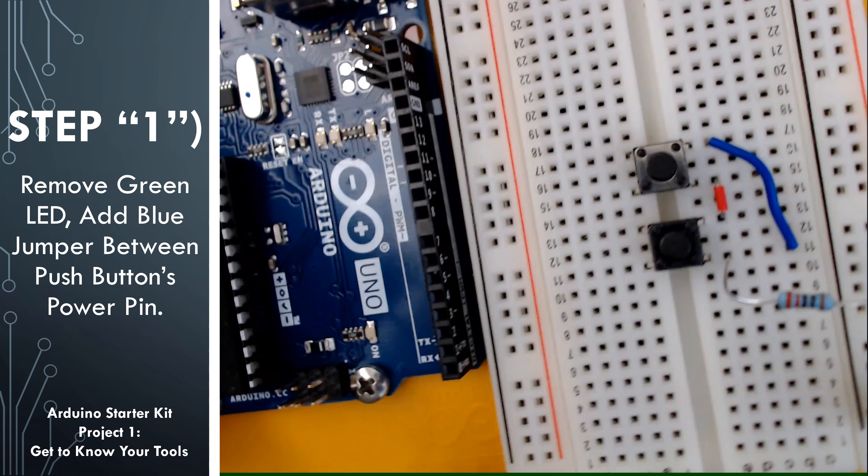I'm going to use the blue jumper wire to go between the very bottom push button pin on the left side to the very top push button pin on the left side, leaving the red jumper wire connecting the two middle pins. Next, we're going to take that green LED that we set aside and place it into our circuit. I'm going to attach the shorter leg to ground — short it to ground.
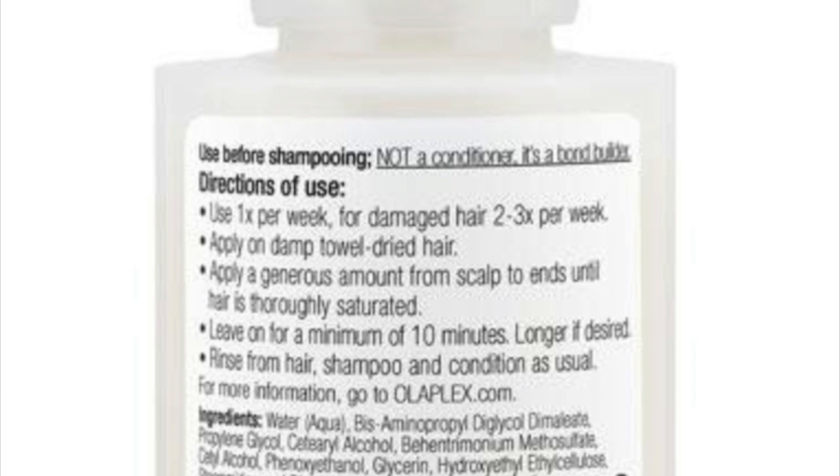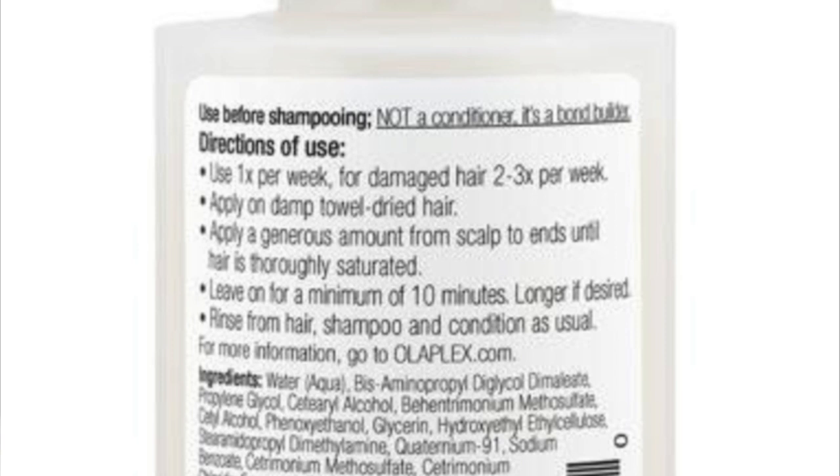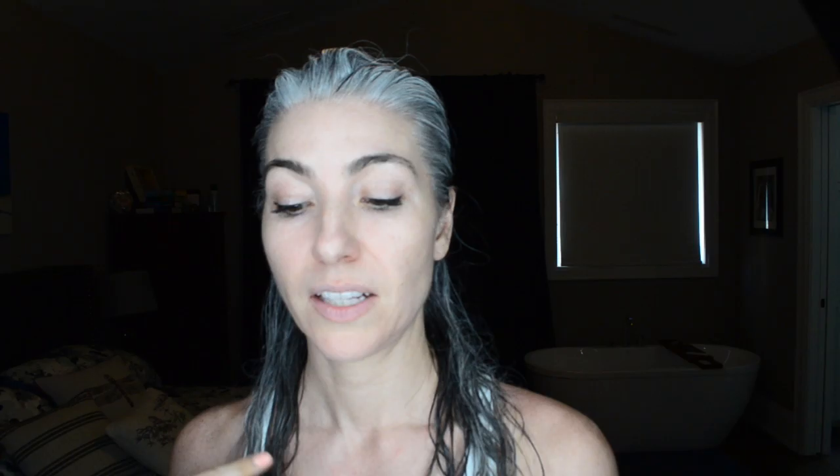What it says is: use one time per week. For damaged hair, use two to three times a week. You apply it on damp towel-dried hair, applying a generous amount from the scalp all the way to the ends until your hair is thoroughly saturated. This isn't really a conditioner — you put the product in, let it sit, and then you actually shampoo and condition afterwards. I'm actually going to section it into three. I can feel that the ends are pretty dry.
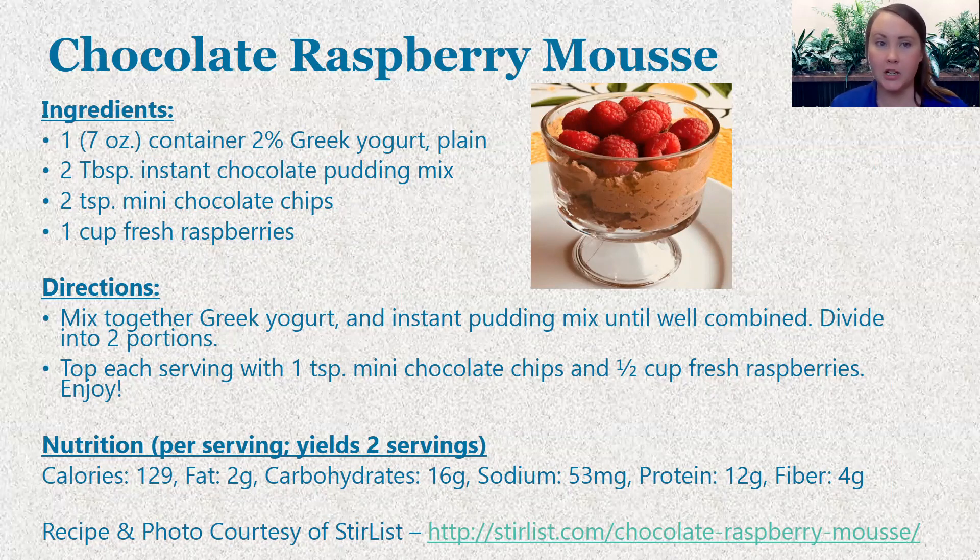And then a cup of fresh raspberries. All you're going to do is mix the Greek yogurt and the instant pudding mix together until well combined, and then divide it into two portions — though you can separate it out even further, as it is pretty rich, so a little bit goes a long way. Then you're just going to sprinkle on your mini chocolate chips, add in your berries, and enjoy. Something super quick, super easy, and super tasty.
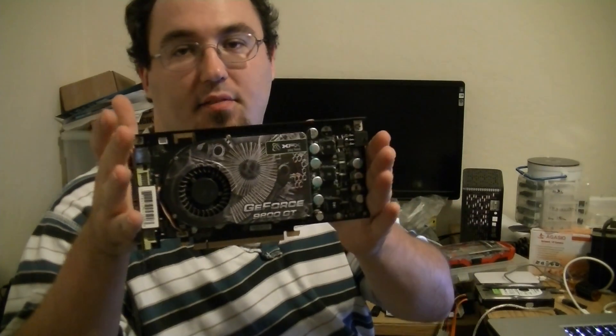I started on a little project here I thought you guys might be interested in. I've got a XFX 9800GT that a buddy of mine gave me that is dead.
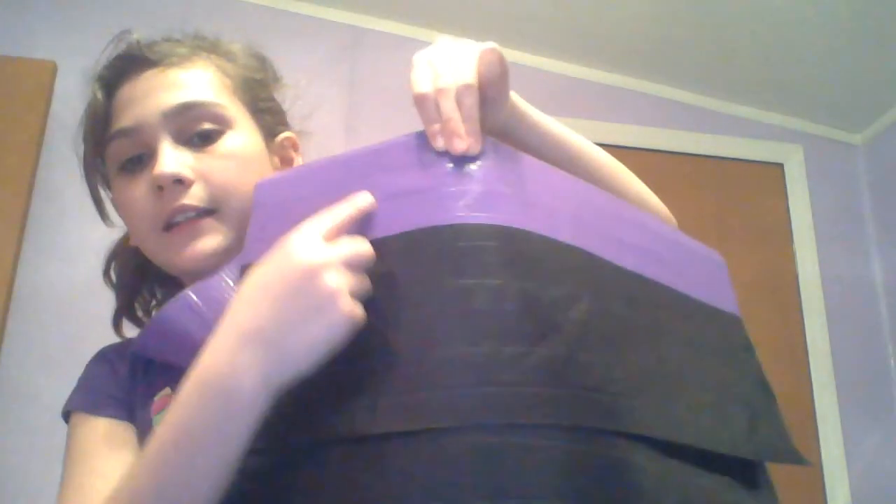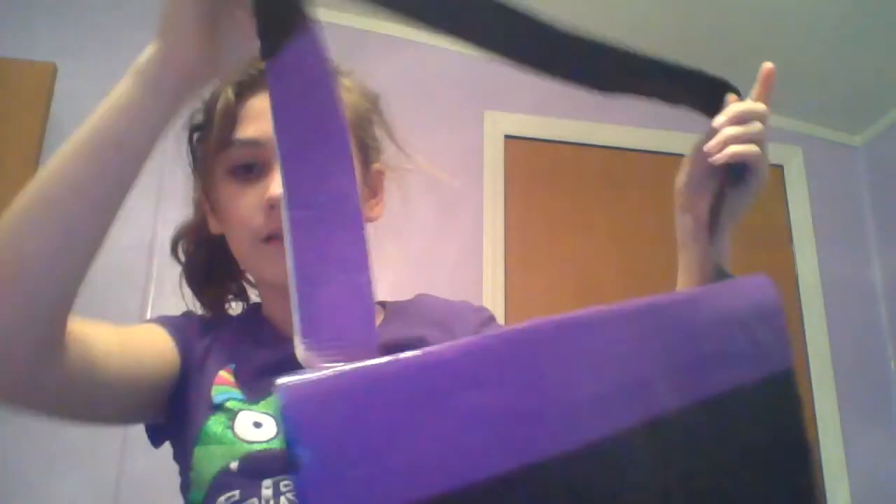It's purple on the top and black, and the strap is purple and black. It looks a little weird, but that's our coat.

Goal of the exercise: Starting with the line that contains "And then a cup", repeat each line exactly until the listing ends, including the last one. Leave pictures out.

Problem solution:
And then a cup of fresh raspberries. All you're going to do is mix the Greek yogurt and the instant pudding mix together until well combined, and then divide it into two portions — though you can separate it out even further, as it is pretty rich, so a little bit goes a long way. Then you're just going to sprinkle on your mini chocolate chips, add in your berries, and enjoy. Something super quick, super easy, and super tasty.
I started on a little project here I thought you guys might be interested in. I've got a XFX 9800GT that a buddy of mine gave me that is dead.
It's purple on the top and black, and the strap is purple and black. It looks a little weird, but that's our coat.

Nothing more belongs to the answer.